Joe Jr. Restaurant

New York, New York, USA

Closed 2009

The Disappointed Tourist: Joe Jr., Ellen Harvey, 2021. Oil and acrylic on Gessoboard, 18 x 24″ (46 x 61 cm). Photograph: Etienne Frossard.

A rent dispute ended this restaurant’s 45-year history of serving comfort food. I don’t know who took the photograph on which the painting is based.

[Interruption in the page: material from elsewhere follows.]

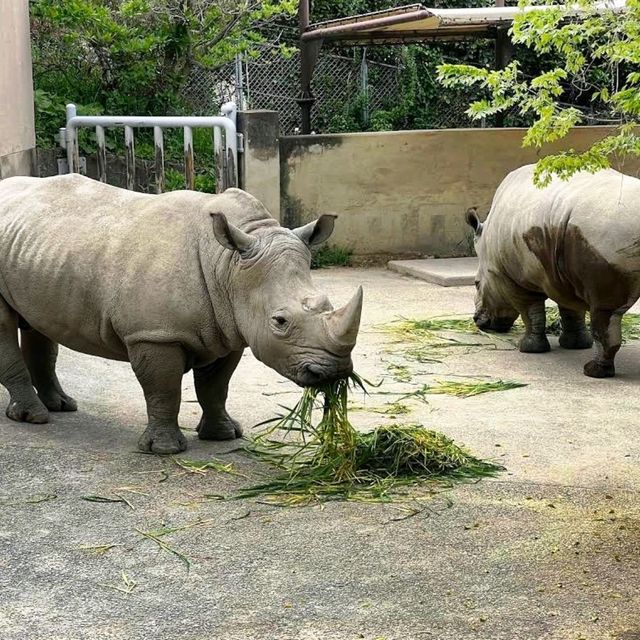 🐯福岡市動植物園🦁福岡最具代表性的動物園✨️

The 2009 loss of Joe Jr restaurant in the Village still looms large for me. From 1997, I lived around the corner from the diner, which was located on Sixth Avenue and 12th Street, and the place was a true institution from long before my arrival. When they announced the closing, I remember walking by the restaurant, seeing the sign in the window, and I promptly burst into tears. People were in various states of distress both inside the restaurant and out on the street. There was a petition protesting the closing that garnered more than 1,000 signatures – including mine. Sadly, the community rallying around the restaurant didn’t save it from closure due to a greedy landlord. The thing about Joe Jr is that it was the type of place that has almost entirely vanished from the NYC landscape. It was an inexpensive, unpretentious diner that served good, solid food to New Yorkers of all stripes. I remember distinctly a woman who would come in and sit at the counter every day. She may or may not have been homeless and she was barely verbal, and the staff fed her a cup of split pea soup every day without her having to ask. She’d come in, sit down, and they’d just plop the soup down in front of her. They also never took payment. At the same time, I’d often see Sarah Jessica Parker in the restaurant. She’d walk in, the cooks would all shout “SARAH!!!” in unison, she’d give them a bright smile and then proceed to her favorite booth in the back to read Sex in the City scripts over a fried egg and wheat toast. See what I mean? All stripes, cohabitating happily over bacon and eggs and split pea soup. An increasingly rare occurrence here these days. I’m sad to say that the loss of Joe Jr’s affected many people, but perhaps that non-verbal woman most of all. I saw her walking up Sixth Avenue about a year after the restaurant closed. She had dropped at least 30 pounds, most probably because Joe Jr wasn’t there to feed her. Michele S.